Titled "Decoding Antisemitism," the project was financially backed by the Foundation, which donated an additional 3 million Euros to the budget. By supporting the project, the Foundation is joining forces with the Center for Research on Antisemitism at the Technical University of Berlin, King’s College London and other renowned scientific institutions in Europe and Israel.
The international team, comprised of discourse analysts, computational linguists and historians, is currently focusing its efforts on developing an AI-driven approach to identifying online antisemitism, a feat that may be harder to achieve than expected.
Studies have shown that the majority of antisemitic defamation is expressed in implicit ways – through the use of codes for instance (“juice” instead of “Jews”) and allusions to certain conspiracy narratives or the reproduction of stereotypes through images.
The combination of the linguistic knowledge that can identify implicit suggestions of antisemitic rhetoric with advanced AI technological capabilities is unique to date in its setup, as well as in the subject matter of the analysis itself. It will result in computers analyzing vast amounts of data and images that humans wouldn’t be able to assess because of their sheer quantity.
Another challenge that faces the team, as well as social media companies as a whole, is the fact that implicit antisemitism is hard to punish. Social media companies, often highly motivated in limiting hate speech on their platforms, remain reluctant to act upon such hidden hatred against Jews. This results in users continuing to spread and share their hateful messages.

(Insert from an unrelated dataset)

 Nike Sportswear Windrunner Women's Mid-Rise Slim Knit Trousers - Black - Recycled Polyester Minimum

One of the overarching goals of the Alfred Landecker Foundation is creating "a public discourse in which hateful voices are not allowed to dominate," a statement by the foundation read.
"This is why one of the aims of the project is to develop an open source tool that can be used for websites and that is compatible with social media profiles. The idea is to support freedom of speech while making sure that antisemites and racists don’t drive away all those interested in respectful discussions."

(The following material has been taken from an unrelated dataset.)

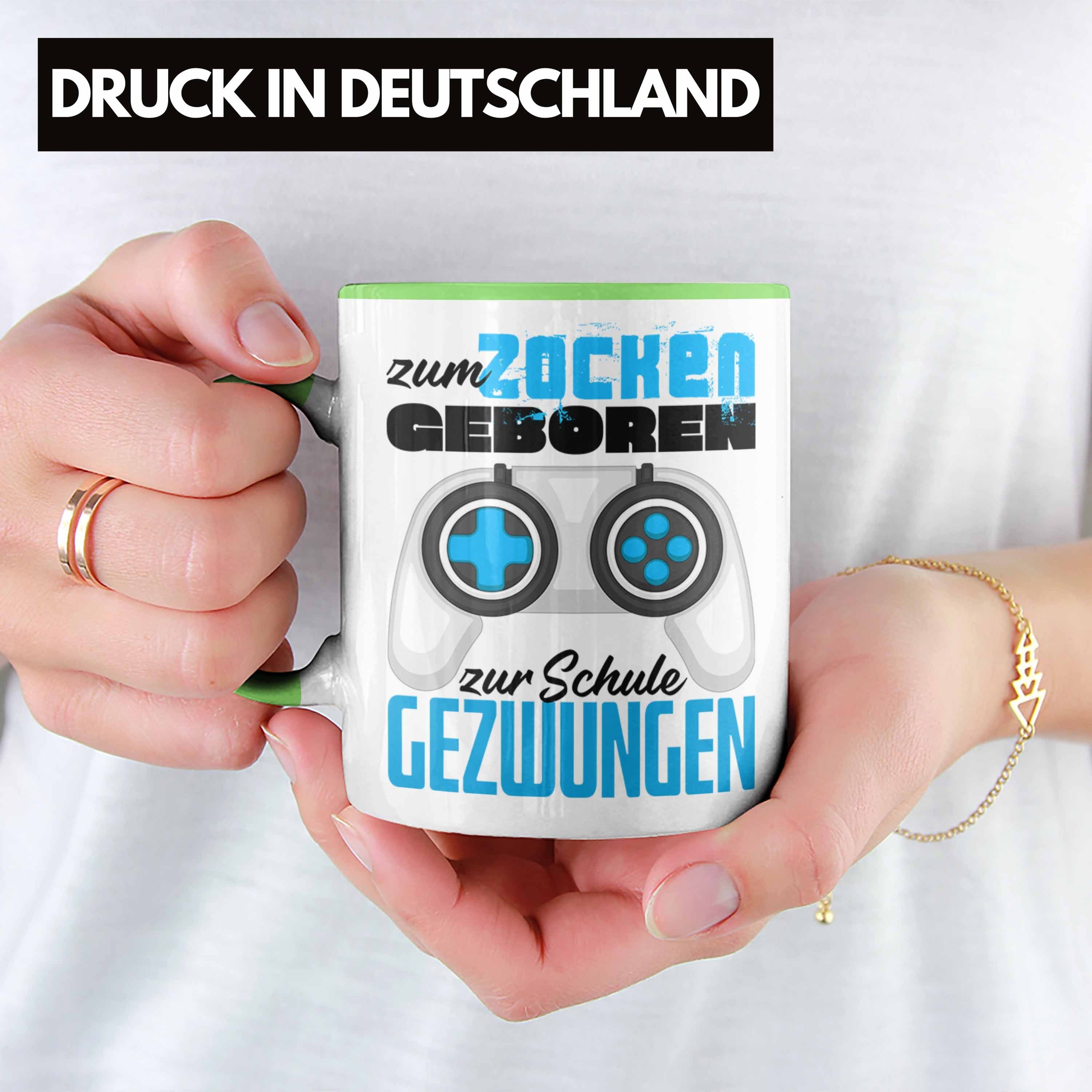 Zocken Schule Tasse Geschenk Grün Trendation Zur Zum - Gamer Jungs Gezwungen Zocker Trendation Geschenkidee Geboren Tasse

Dr. Matthias J. Becker, a linguist leading the "Decoding Antisemitism" project at the Technical University Berlin pointed to the concerning connection between online hate speech and actual hate crimes.
“We see that hate speech online and hate crimes are to some extent always connected. In order to prevent that more and more users become radicalized on the web, it is important to identify the real dimensions of antisemitism – also taking into account the implicit forms that might become more explicit over time,” Becker noted.